Next year, you raise Series A at $20M valuation
SAFE converts at lower of:
- $10M cap (50% discount from $20M) ← this wins
- $16M ($20M with 20% discount)

SAFE investor gets: $500K / $10M × 100 = 5% of company

Where to get SAFE docs:

  • Y Combinator: Free templates (most common)
  • Lawyer: Customized ($1K-$5K)

Customer Contracts

9. First Customer Contract

Must include:

  • [ ] Scope of work: What you're delivering
  • [ ] Payment terms: How much, when
  • [ ] Term & renewal: Length of agreement
  • [ ] SLA (Service Level Agreement): Uptime guarantees
  • [ ] Liability caps: Limit your exposure
  • [ ] IP ownership: Customer owns their data, you own platform
  • [ ] Termination clause: How to end agreement

Red flags in customer contracts:

  • Unlimited liability: "Company liable for all damages"
  • IP assignment: "Vendor assigns all IP to customer"
  • Perpetual licenses: "Customer can use software forever without paying"
  • Revenue sharing: "Customer gets % of your revenue"

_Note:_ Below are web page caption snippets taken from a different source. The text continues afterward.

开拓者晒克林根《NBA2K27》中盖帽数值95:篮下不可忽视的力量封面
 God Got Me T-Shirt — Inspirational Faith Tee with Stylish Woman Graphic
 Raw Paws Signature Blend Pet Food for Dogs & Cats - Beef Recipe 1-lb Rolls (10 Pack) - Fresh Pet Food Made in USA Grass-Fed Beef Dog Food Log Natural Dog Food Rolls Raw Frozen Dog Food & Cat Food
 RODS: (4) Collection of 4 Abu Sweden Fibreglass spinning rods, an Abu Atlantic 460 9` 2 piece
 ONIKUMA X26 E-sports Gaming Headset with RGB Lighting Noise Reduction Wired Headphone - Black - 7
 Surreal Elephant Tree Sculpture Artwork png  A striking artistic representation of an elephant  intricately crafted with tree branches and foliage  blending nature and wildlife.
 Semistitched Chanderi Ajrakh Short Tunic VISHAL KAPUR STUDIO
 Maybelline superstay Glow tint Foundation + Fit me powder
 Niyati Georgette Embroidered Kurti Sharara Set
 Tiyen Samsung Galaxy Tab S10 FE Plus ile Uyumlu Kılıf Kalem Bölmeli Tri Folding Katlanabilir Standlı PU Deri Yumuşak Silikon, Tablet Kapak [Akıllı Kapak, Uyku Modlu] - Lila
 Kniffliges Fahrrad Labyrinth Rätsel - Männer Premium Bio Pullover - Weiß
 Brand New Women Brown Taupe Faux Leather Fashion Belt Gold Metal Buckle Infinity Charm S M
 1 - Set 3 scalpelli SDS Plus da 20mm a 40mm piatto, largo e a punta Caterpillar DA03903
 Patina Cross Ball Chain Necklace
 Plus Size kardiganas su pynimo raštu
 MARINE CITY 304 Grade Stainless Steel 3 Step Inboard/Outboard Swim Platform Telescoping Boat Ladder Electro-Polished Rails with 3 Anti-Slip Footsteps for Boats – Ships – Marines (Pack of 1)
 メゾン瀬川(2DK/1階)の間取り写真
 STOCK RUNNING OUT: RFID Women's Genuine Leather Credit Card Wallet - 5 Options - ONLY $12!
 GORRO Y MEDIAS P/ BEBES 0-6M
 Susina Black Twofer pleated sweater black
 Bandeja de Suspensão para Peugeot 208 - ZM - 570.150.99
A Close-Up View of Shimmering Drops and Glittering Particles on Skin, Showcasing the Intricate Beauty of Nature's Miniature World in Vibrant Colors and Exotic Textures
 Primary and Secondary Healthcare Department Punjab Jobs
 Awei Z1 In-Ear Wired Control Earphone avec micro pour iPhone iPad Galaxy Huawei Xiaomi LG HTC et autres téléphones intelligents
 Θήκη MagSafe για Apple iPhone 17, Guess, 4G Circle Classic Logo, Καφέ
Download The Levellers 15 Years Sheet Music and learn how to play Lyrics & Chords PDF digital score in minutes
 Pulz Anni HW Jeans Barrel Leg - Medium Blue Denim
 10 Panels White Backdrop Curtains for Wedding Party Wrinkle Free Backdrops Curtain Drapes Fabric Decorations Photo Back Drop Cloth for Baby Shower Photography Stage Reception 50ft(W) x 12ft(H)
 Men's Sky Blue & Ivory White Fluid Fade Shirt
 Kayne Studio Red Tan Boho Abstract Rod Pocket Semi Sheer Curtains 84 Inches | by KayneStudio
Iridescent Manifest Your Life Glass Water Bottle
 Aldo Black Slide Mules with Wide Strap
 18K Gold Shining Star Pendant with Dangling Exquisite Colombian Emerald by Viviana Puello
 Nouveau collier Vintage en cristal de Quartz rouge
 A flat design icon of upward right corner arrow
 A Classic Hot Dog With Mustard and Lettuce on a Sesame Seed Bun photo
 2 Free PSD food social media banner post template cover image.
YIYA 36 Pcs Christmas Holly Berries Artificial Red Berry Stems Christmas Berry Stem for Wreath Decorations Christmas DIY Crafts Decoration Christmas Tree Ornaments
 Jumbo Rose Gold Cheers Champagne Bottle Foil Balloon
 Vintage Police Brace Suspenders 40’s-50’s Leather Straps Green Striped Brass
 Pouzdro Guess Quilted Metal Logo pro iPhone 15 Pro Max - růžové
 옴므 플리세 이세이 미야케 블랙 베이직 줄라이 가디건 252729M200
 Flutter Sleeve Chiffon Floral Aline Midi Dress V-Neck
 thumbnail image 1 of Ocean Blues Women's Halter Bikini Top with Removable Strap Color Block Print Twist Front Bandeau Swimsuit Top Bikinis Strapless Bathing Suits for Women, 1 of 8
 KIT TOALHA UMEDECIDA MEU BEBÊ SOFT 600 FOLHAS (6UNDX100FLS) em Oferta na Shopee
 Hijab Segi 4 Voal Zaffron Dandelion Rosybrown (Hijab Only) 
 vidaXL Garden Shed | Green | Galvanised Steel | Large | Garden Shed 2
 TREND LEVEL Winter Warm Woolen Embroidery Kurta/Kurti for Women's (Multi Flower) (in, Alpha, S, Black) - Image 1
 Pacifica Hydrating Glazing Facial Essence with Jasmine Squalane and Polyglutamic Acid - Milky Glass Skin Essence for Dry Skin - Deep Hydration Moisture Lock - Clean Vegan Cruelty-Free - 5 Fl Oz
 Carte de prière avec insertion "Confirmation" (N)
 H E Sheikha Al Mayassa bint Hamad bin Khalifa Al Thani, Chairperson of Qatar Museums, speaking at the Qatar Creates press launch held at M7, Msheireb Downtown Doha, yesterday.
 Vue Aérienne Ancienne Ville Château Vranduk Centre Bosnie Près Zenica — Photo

When to negotiate: Always. Don't sign their paper without lawyer review ($500-$1K).

Ongoing Compliance

10. Annual Requirements

  • [ ] Delaware franchise tax: Due March 1 ($450 minimum)
  • [ ] Annual report: File with Delaware by March 1
  • [ ] Federal taxes: 1120 corporate tax return (April 15)
  • [ ] State taxes: If doing business in other states
  • [ ] Board meetings: Quarterly minimum, document decisions

11. Record Keeping

What to keep:

  • [ ] Board meeting minutes
  • [ ] Stock issuance records
  • [ ] Employee offer letters and terminations
  • [ ] IP assignments
  • [ ] Contracts with customers/vendors
  • [ ] Tax filings

Where to keep:

  • Physical: Fireproof safe or bank safety deposit box
  • Digital: Encrypted cloud storage (Google Drive, Dropbox, Carta)

When to Hire a Lawyer

DIY (Pre-seed, <$100K raised)

  • Incorporation: Stripe Atlas, Clerky
  • SAFEs: YC templates
  • Contracts: Modify templates

Lawyer (Seed+, >$100K raised)

  • Fundraising: $5K-$20K per round
  • Customer contracts: $500-$1K per review
  • Employment issues: $2K-$5K
  • IP disputes: $10K-$50K+

How to Find Startup Lawyer

  • [ ] Ask accelerator (YC, a16z, Techstars)
  • [ ] Ask other founders
  • [ ] Wilson Sonsini, Cooley, Gunderson Dettmer (top startup firms)
  • [ ] Look for "deferred fees" (pay when you raise)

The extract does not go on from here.